Your preliminary investigation will reveal whether or not your invention is new. It will also show just how similar your bright idea is to others in the same category. You should explain to the practitioner any features of your invention that you believe are new and important, and how each of them works. He or she must know such things in order to find the prior patents you’ll need to see.
There’s a chance that, once the search has gone this far, you’ll discover your invention to be unpatentable or so close to other inventions that patenting simply wouldn’t be worthwhile. In that case you’ll be saved the costs of preparing and filing a patent application. On the other hand, the evidence you turn up may show how, by changing a feature in your invention, you can make it different from others and thereby patentable. Last of all, you might even locate expired patents that look like potential moneymakers. Except In rare cases, patents aren’t renewable after their initial term; some no-longer protected inventions, which may have been developed before a market existed for them, could be very salable today!
Comparing and Deciding Again
Once you’ve compared your invention with the patents located in the search, you’ll have to determine–again, perhaps with the help of a patent practitioner–whether you should go ahead and seek protection. (Remember that you cannot get a patent that will prevent people from using previously patented inventions, and that you can get a patent only on those features of your invention that are different from all others.)
If you decide to proceed, you’ll be well advised to retain a registered agent or attorney to prepare your application and file it with the PTO. (Of course, you do have the legal right to represent yourself, but there’s really no substitute for professional assistance and experience at this stage.) Give him or her all the useful information you can. Then, once the application is filed, be sure the practitioner keeps you informed of its progress and helps you with any further developments.
As of this writing, the average costs of going after a patent include a basic filing fee of $65 plus additional charges that depend upon the claims you make for your invention. Then, if your patent is granted–a process that could take years, incidentally–you must pay an issuance fee of $100 plus a printing fee of approximately $70. Added to this, of course, are the expenses charged by your patent practitioner–if you have one–for the search, for writing the application specifications and claims, and for defending your claims against rejection by the PTO. Such costs are, of course, in addition to those you may have incurred in the creation and development of your invention. Unfortunately, there’s just no fast, easy, and inexpensive way to obtain a patent.

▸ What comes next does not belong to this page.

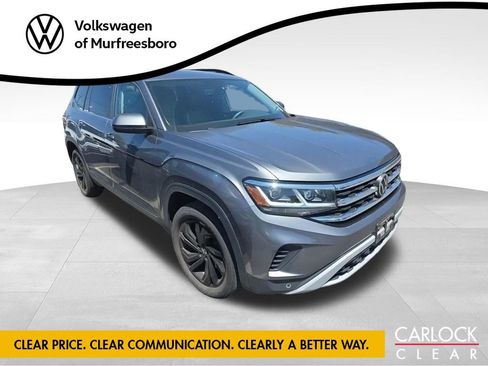 Used 2022 Volkswagen Atlas SE w/ Panoramic Sunroof Package AWD/4WD image 3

If, however, you’re convinced of the value and patentability of your idea and want to “go for it”, there are many good reference volumes on the subject to help you. Three of these are How to Patent and Market Your Invention by Marvin Grosswirth (David McKay Co., Inc., 1978), The Practical Inventor’s Handbook by Orville N. Greene and Frank L. Durr (McGraw-Hill Book Co., 1979), and Patent It Yourself! by David Pressman (McGraw-Hill Book Co., 1979). These and similar publications will be essential to you in pinning your idea down firmly and enabling you to speak with knowledge and authority about your invention.